De hartslag wordt gereguleerd met behulp van elektrische prikkels, die door de hartspier lopen. Als de linkerboezem groter wordt, kan het zijn dat deze prikkels niet meer normaal over de hartspier lopen. Er kan dan ook een hartritmestoornis ontstaan.
Diagnose
De diagnose wordt gesteld doordat er bij hartauscultatie een hartruis wordt gehoord (Bij mitralis insufficiëntie is er altijd sprake van een hartruis, alleen niet iedere hartruis is mitralis insufficiëntie). Soms worden er bij de auscultatie ook longafwijkingen waargenomen (door het vocht in de longen).
Bij een röntgenfoto is soms een vergroot hart zichtbaar en soms ook longoedeem (hartkleppen zijn niet zichtbaar op een röntgenfoto)
Met een echo kunnen de kleppen zelf in beeld worden gebracht en kan de grootte van het hart worden bepaald.
Ook bloedonderzoek op NT-proBNP kan een indicatie zijn voor hartproblemen, door de rek op de hartspier kunnen er enzymen van de hartspier zijn vrijgekomen (dit is echter niet specifiek voor MI maar wordt wel een indicatie zijn voor hartproblemen).
De uiteindelijke diagnose wordt gesteld door een combinatie van bovengenoemde onderzoeken.
Therapie
Als er een vergroot hart gevonden is, is het verstandig om de hond te gaan behandelen (ook al zijn er nog geen klachten, uit onderzoek blijkt dat de levensverwachting van de hond met 15 maanden toeneemt als je begint met behandelen voordat er klachten zijn ontstaan, uit ). In het beginstadium (zonder vergroot hart) is behandeling met medicijnen nog niet nodig, wel is het belangrijk om het verloop in de gaten te houden door regelmatige, één tot twee keer per jaar, controles via echografisch onderzoek (de ernst van de hartruis is geen indicatie voor het stadium van de ziekte).
Mitralis insufficiëntie is niet te genezen, de verandering in de kleppen kan niet worden gerepareerd. De therapie is gericht op symptoombestrijding. Medicatie blijft het verdere leven noodzakelijk om het leven langer en leuker te maken.
Er zijn ook hier weer verschillende type medicijnen die gebruikt kunnen worden, afhankelijk van de aard van de klachten:
De prognose is erg wisselend. Over het algemeen is deze bij kleine honden veel beter dan bij grote honden. De progressie van de ziekte wisselt echter per patiënt. Maar sommige honden kunnen nog jaren probleemloos leven met een mitralis insufficiëntie.
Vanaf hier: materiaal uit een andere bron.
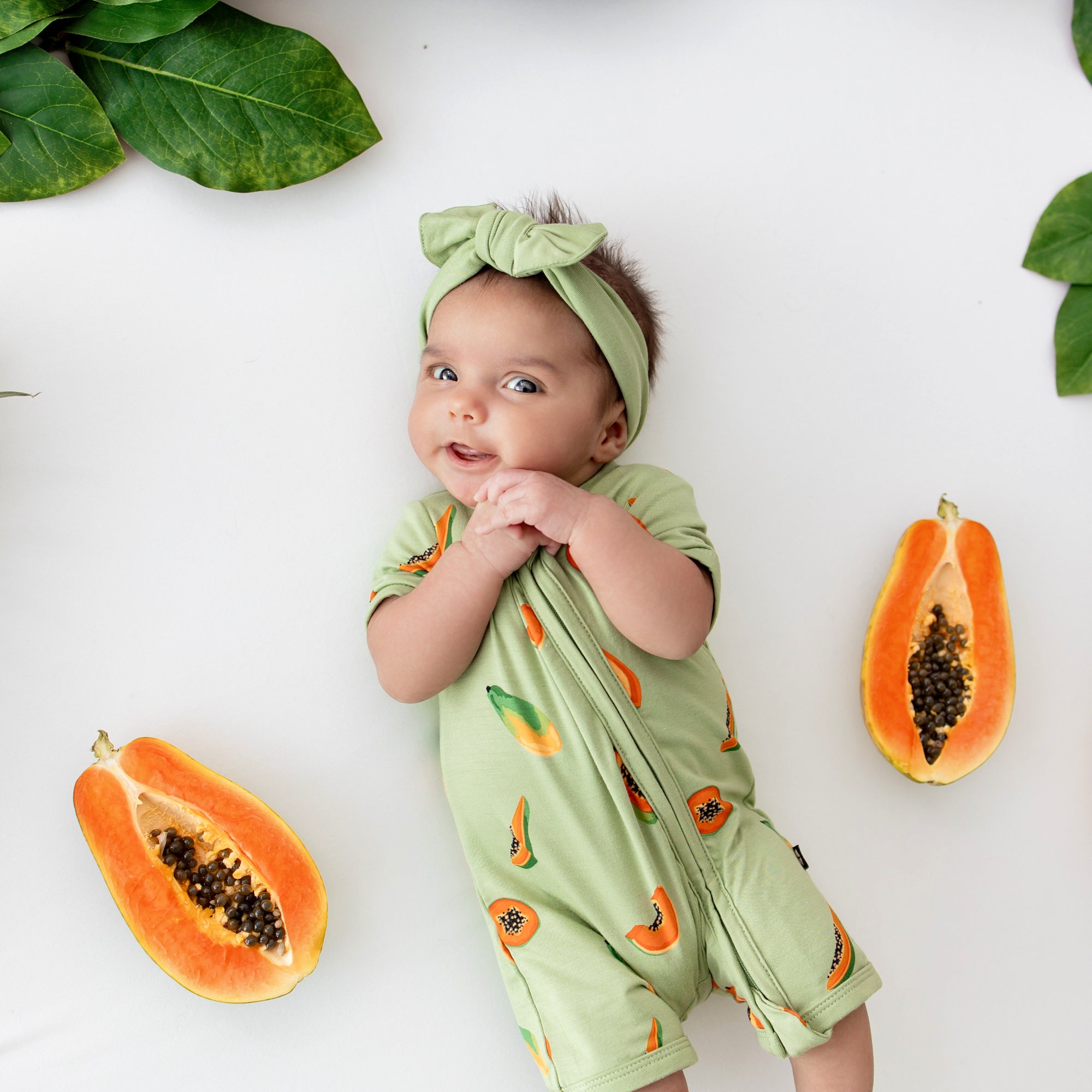 Infant wearing Kyte Baby Zippered Shortall Romper in Papaya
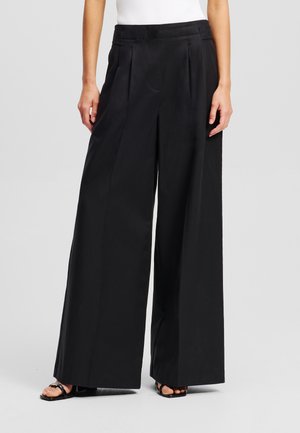 Zwarte wijdvallende broek van soepel stof, met plooien en een hoge taille. Gemaakt met een nauwsluitend wit topje en zwarte hakken.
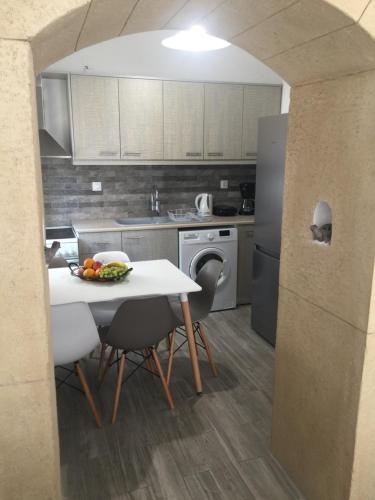 a kitchen with a table with a bowl of fruit on it at Denise House in Vromolithos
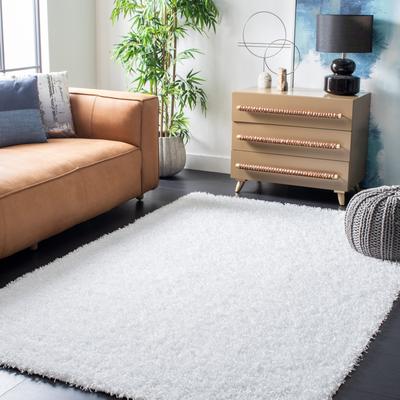 SAFAVIEH Handmade Monterey Shag Mevlide Solid Polyester Rug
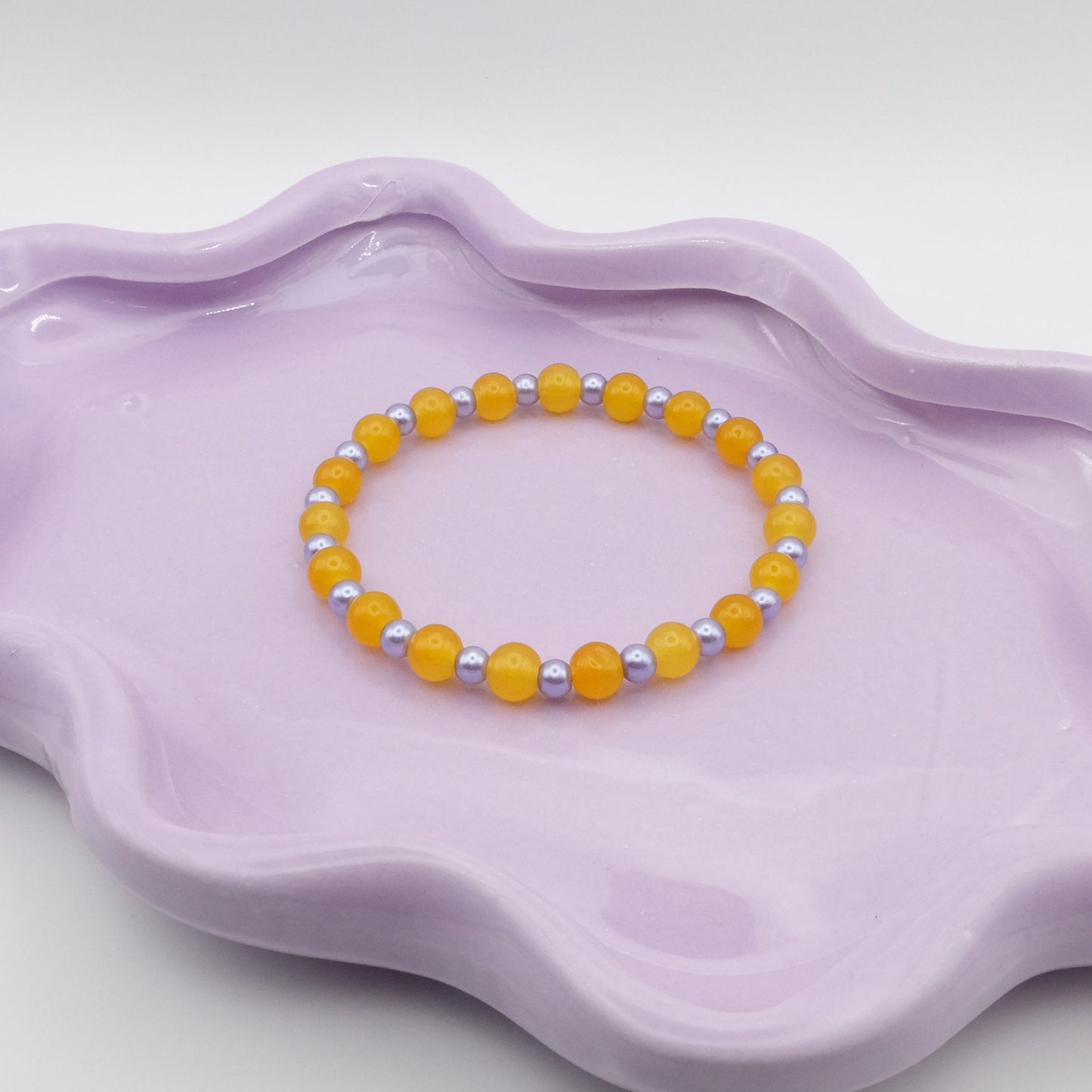 An elastic beaded bracelet showcasing alternating 6mm bright yellow glass beads paired with 4mm metallic purple beads, displayed on a lavender wavy-edged dish against a clean, neutral setting.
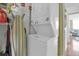 Convenient laundry area with a stacked washer and dryer at 17408 Gulf Blvd # 1302, Redington Shores, FL 33708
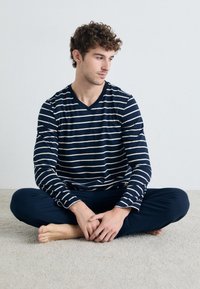 Marineblau-weiß gestreiftes Langarm-V-Ausschnitt-Oberteil, kombiniert mit passender marineblauer Hose, vor einem hellen Teppichhintergrund. Lässige Passform, weicher Stoff.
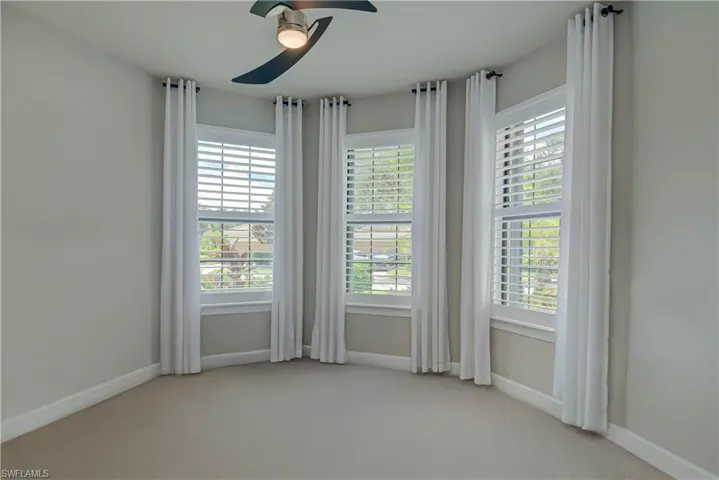 Front bedroom featuring light colored carpet being replaced, healthy amount of natural light, and ceiling fan  - shown empty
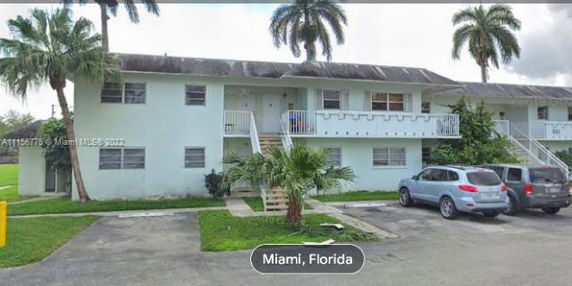 Front view of a two-story apartment building with parking spaces.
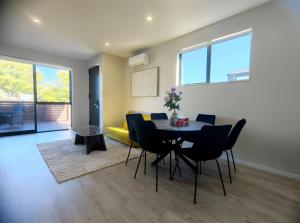a dining room with a table and chairs at Stylish 4BR Home, Netflix, Walk to Eateries and Schools in Auckland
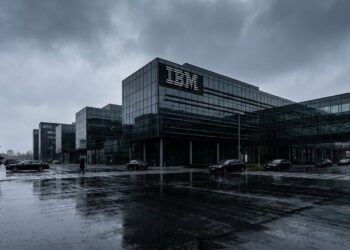 Fotografía arquitectónica panorámica del exterior de la sede corporativa de IBM en un día lluvioso. Un imponente edificio de cristal ahumado y acero muestra el clásico logotipo de IBM en su fachada superior derecha. El cielo gris plomo y el pavimento mojado, que refleja la estructura, crean una atmósfera fría, dramática y corporativa. Estilo editorial financiero.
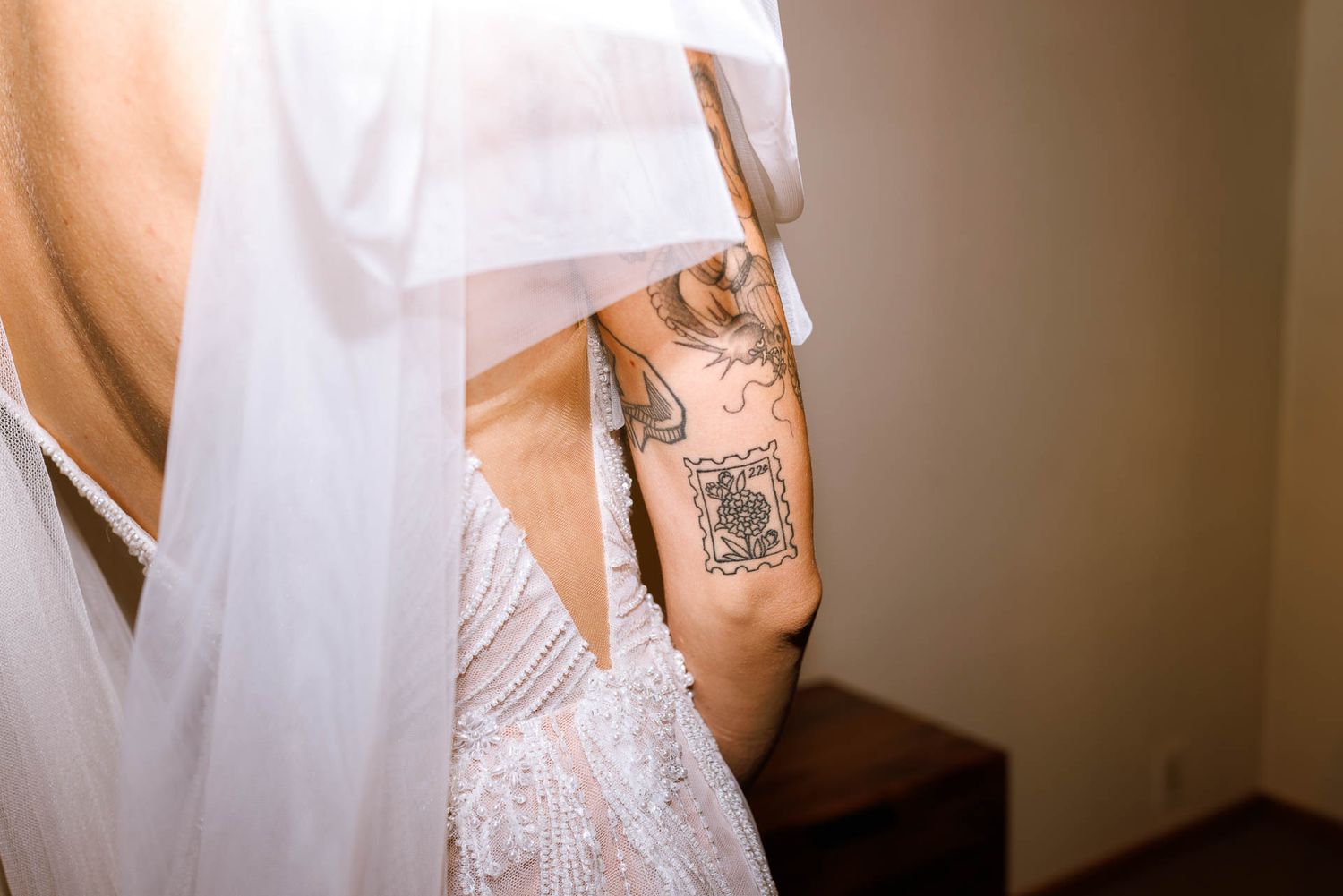 Close-up detail of a white wedding dress with a tattoo visible underneath.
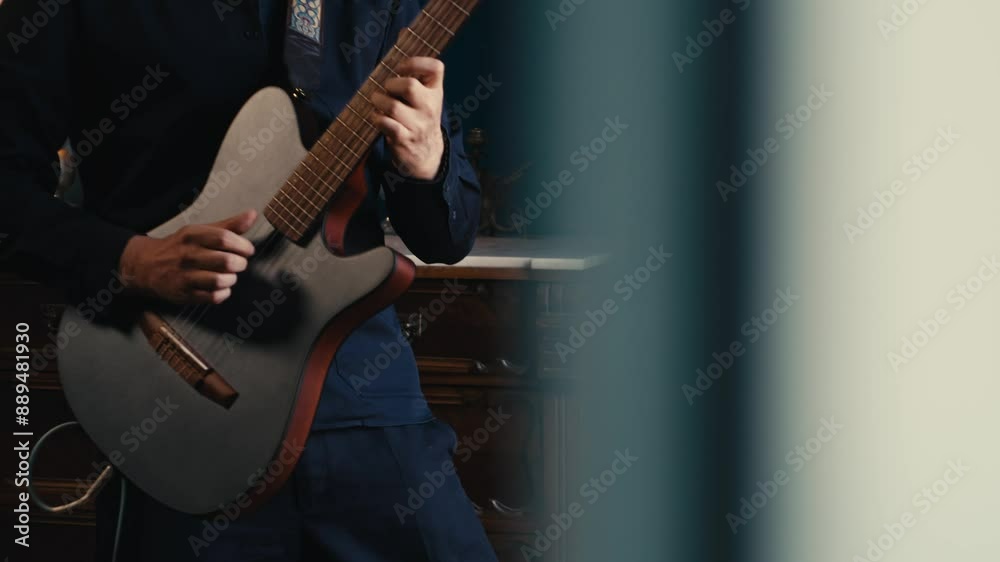 Guitar player, guitarist is performing live on stage with an electric guitar in a concert setting, music playing, live concert show, close up macro of guitar.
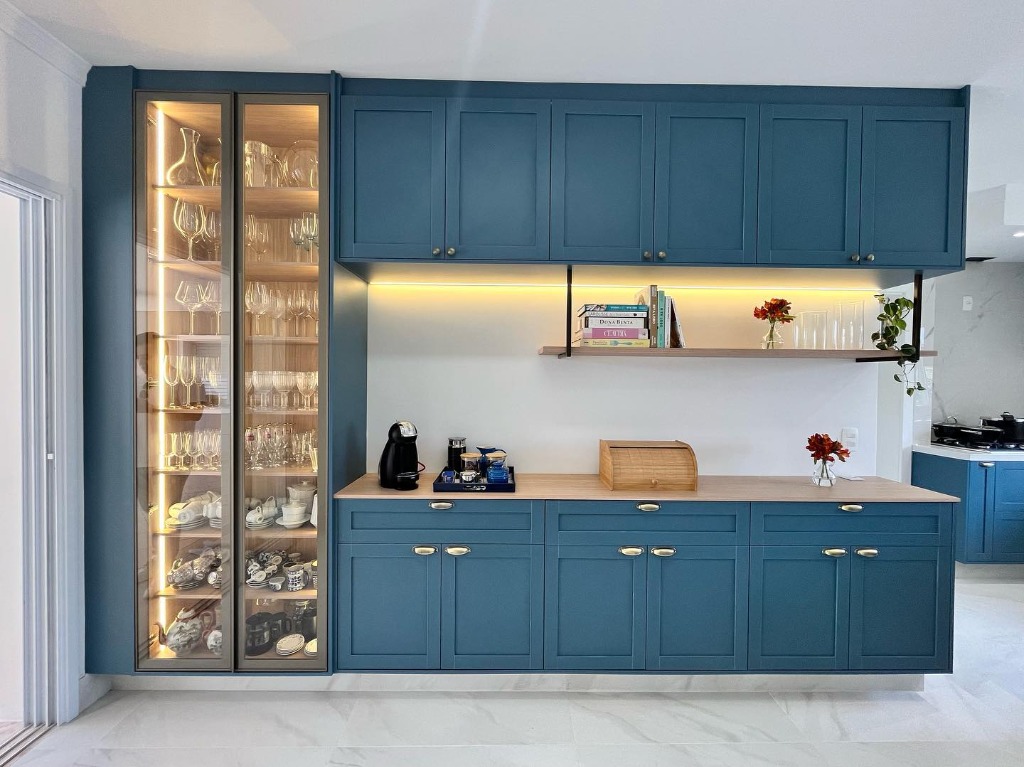 Armário cristaleira planejado em azul com luzes LED e bancada amadeirada.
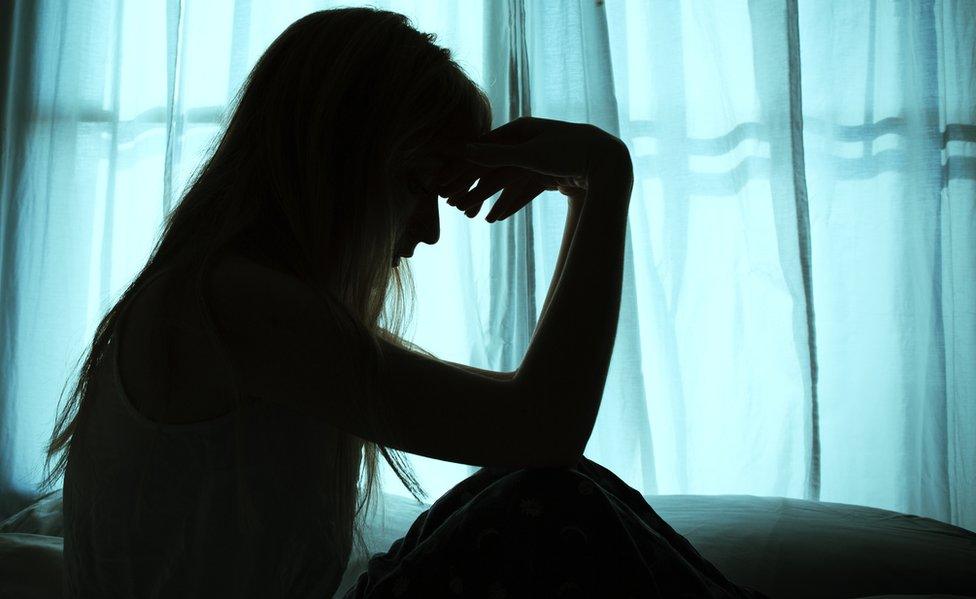 Silhouette of woman in front of curtain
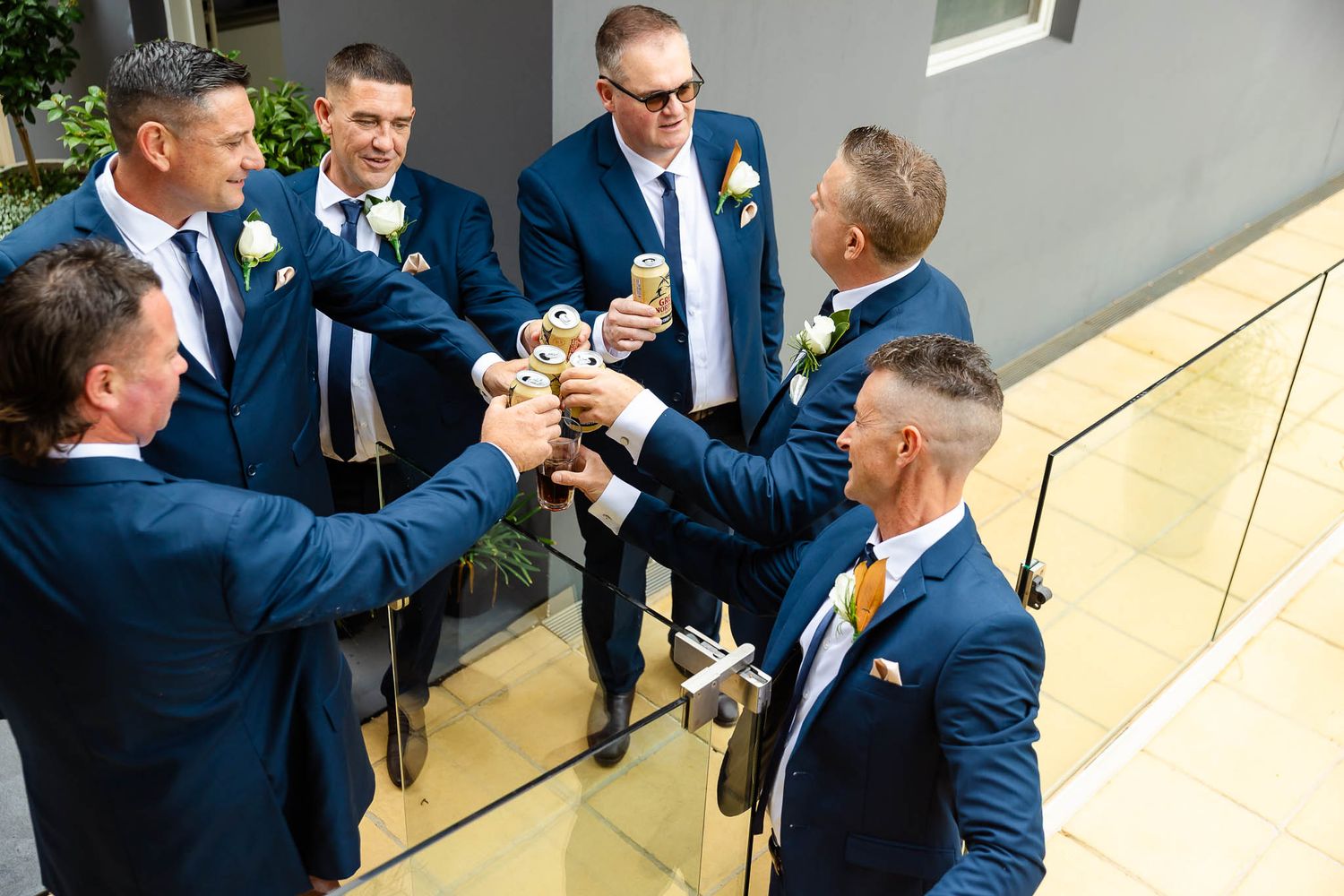Groomsmen in matching navy blue suits toast with beer bottles while standing in a modern venue.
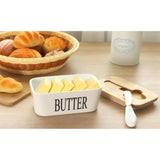 { "alt_text": "White ceramic butter box with bamboo lid, airtight storage container for fresh butter, kitchen countertop accessory" }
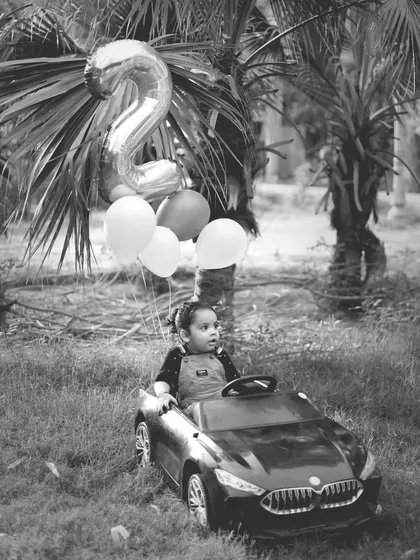 A classic black and white shot of a toddler in a toy car, part of our outdoor car-themed birthday shoot.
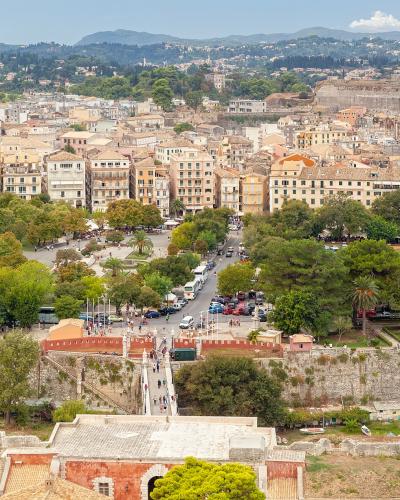 An aerial view of a historic walled city with dense terracotta-roofed buildings, a large park (Spianada), and a prominent fortress on a hill in the background.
Note: DCM/DCM1/DCM2 (de varianten waar op getest kan worden) zijn hoogstwaarschijnlijk niet de erfelijke varianten die bij de Dalmatische hond voorkomen. Voor de Dalmatische hond zijn er nog geen duidelijke DCM testen beschikbaar.
Yara, Lisa en Robbie zijn vrij van de DCM varianten waar op dit moment op kan worden getest: DCM/DCM1/DCM2.
Poppy is nog niet getest.
Yara heeft in april 2023 een preventieve hartecho gehad, waarbij geen afwijkingen zijn geconstateerd.